Prompt.
Retype the records word for word. Skip every image.

Supplied material.
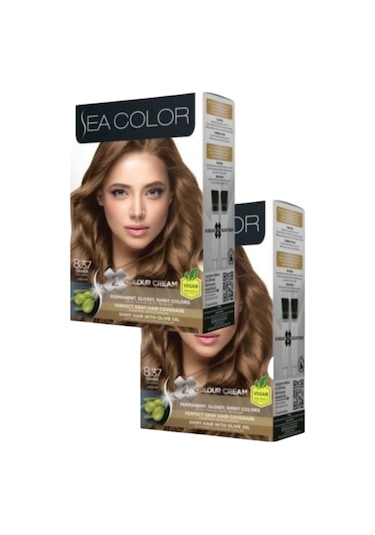 Sea Color 8.37 Sahra Saç Boyası 2 x 100 ML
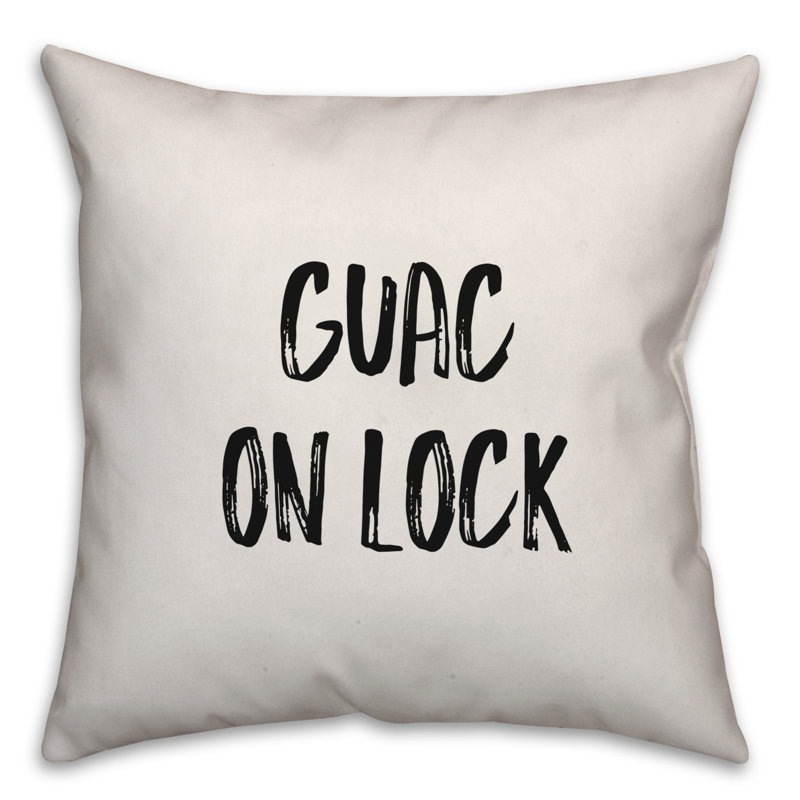 Coussin Guac, 18 po x 18 po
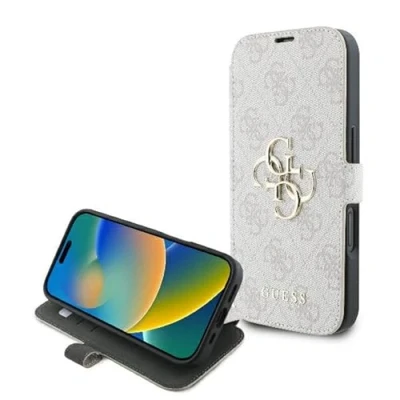 Afbeelding van Guess GUBKP16M4GMGPII iPhone 16 Plus 6,7&quot; roze/roze boek 4G metalen logo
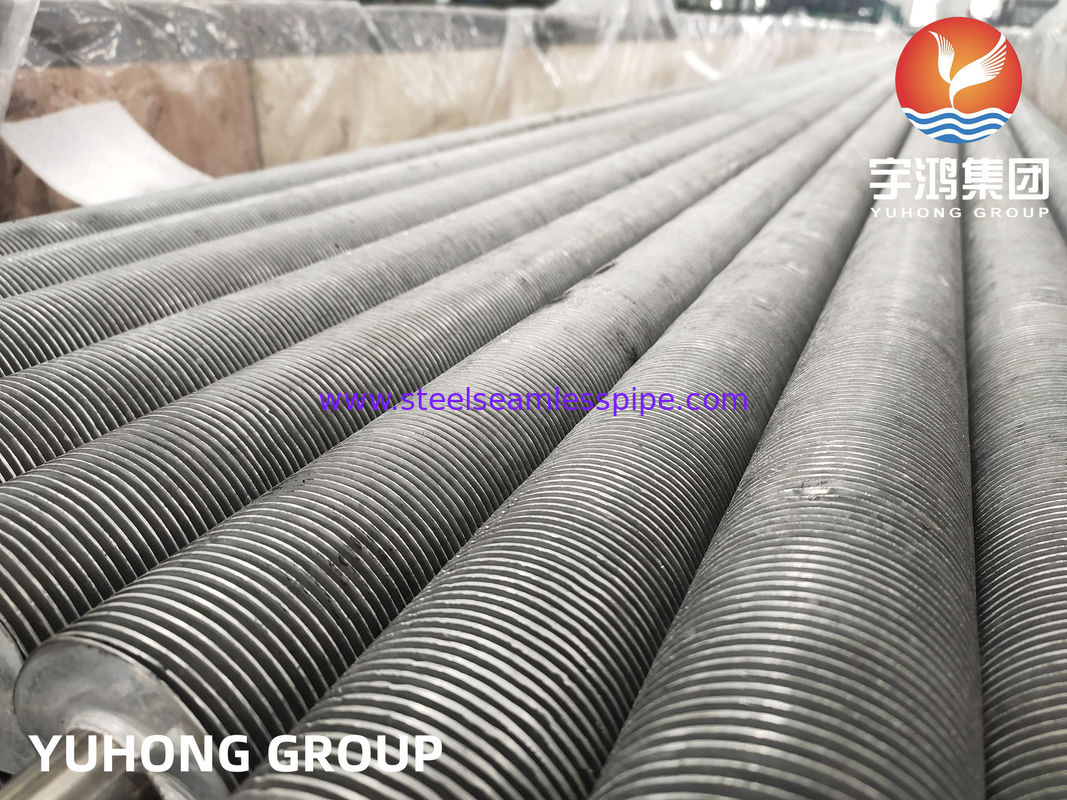 ドライオーブン熱交換用アルミニウム押出T型フィンチューブ ASME SA249 TP304 丸型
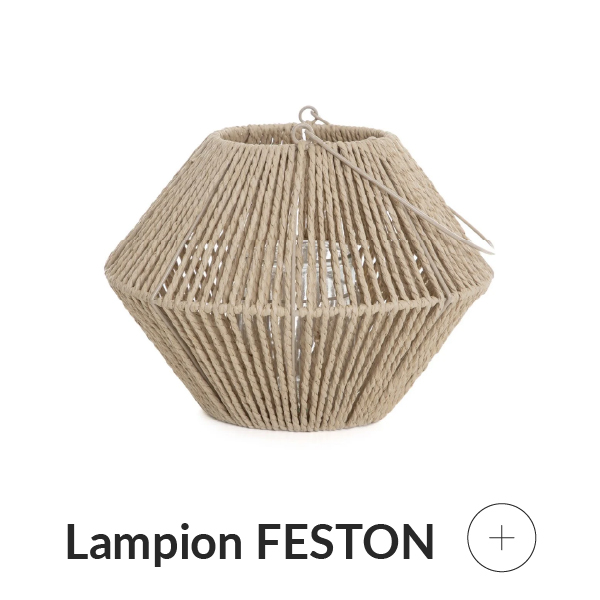 Lampion na balkon z masy papierowej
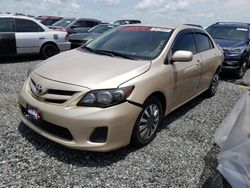 Salvage cars for sale from Copart Riverview, FL: 2011 Toyota Corolla Base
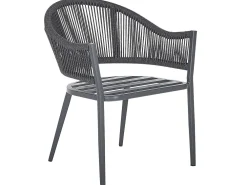 Ulkokalusteet<Beliani Ulkoruokailuryhma Metallinen Harmaa Mileto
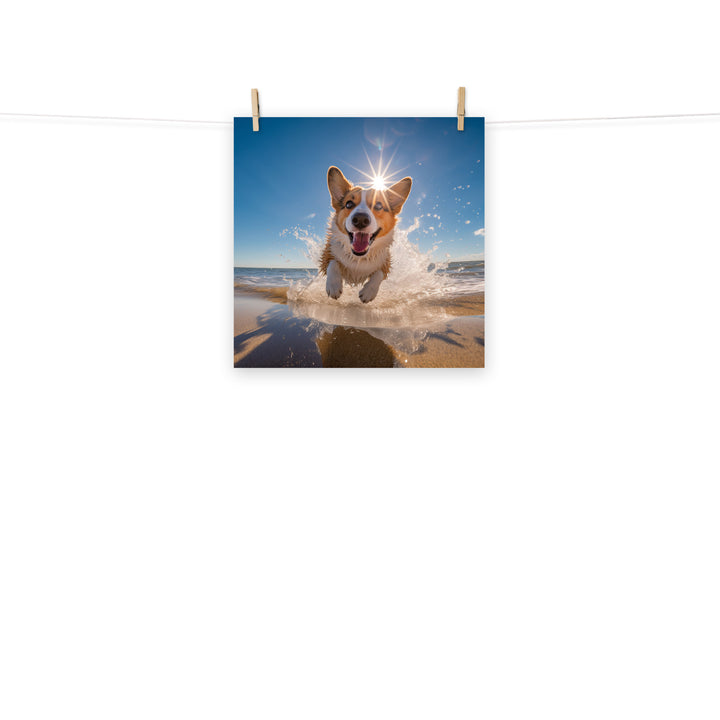 Welsh Corgi Photo paper poster - PosterfyAI.com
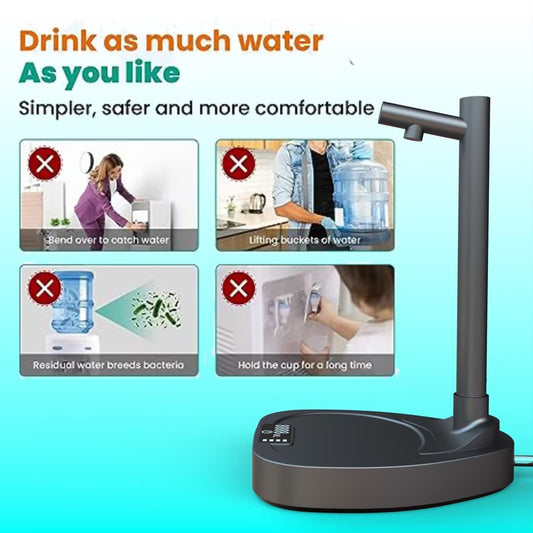 Automatic Water Dispenser with Stand – Rechargeable Desktop Bottle Pump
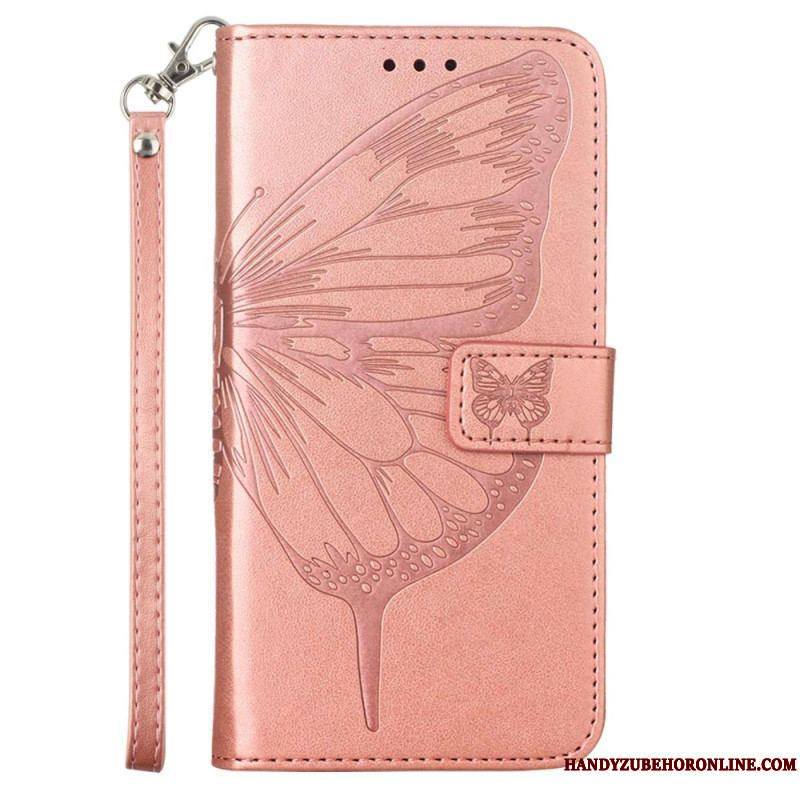 Housse Sony Xperia 5 IV Papillon Baroque à Lanière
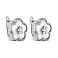 Серебряные серьги с перламутром (арт. 7502/9602/15п) – изображение 1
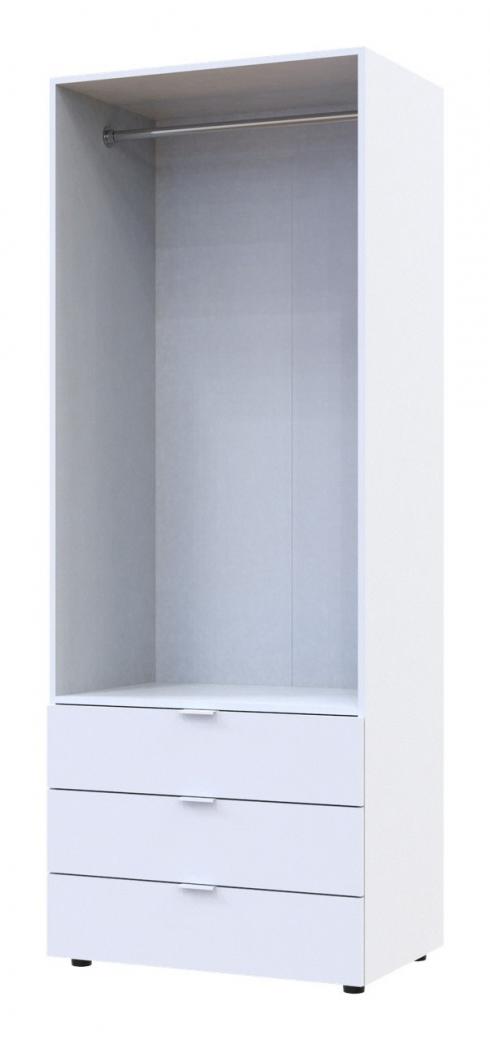 Распашной шкаф для одежды Doros Гелар Белый 2 ДСП 77,5х49,5х203,4 foto 2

Exercise solution.
 Sea Color 8.37 Sahra Saç Boyası 2 x 100 ML
 Coussin Guac, 18 po x 18 po
 Afbeelding van Guess GUBKP16M4GMGPII iPhone 16 Plus 6,7&quot; roze/roze boek 4G metalen logo
 ドライオーブン熱交換用アルミニウム押出T型フィンチューブ ASME SA249 TP304 丸型
 Lampion na balkon z masy papierowej
 Salvage cars for sale from Copart Riverview, FL: 2011 Toyota Corolla Base
 Ulkokalusteet<Beliani Ulkoruokailuryhma Metallinen Harmaa Mileto
 Welsh Corgi Photo paper poster - PosterfyAI.com
 Automatic Water Dispenser with Stand – Rechargeable Desktop Bottle Pump
 Housse Sony Xperia 5 IV Papillon Baroque à Lanière
 Серебряные серьги с перламутром (арт. 7502/9602/15п) – изображение 1
 Распашной шкаф для одежды Doros Гелар Белый 2 ДСП 77,5х49,5х203,4 foto 2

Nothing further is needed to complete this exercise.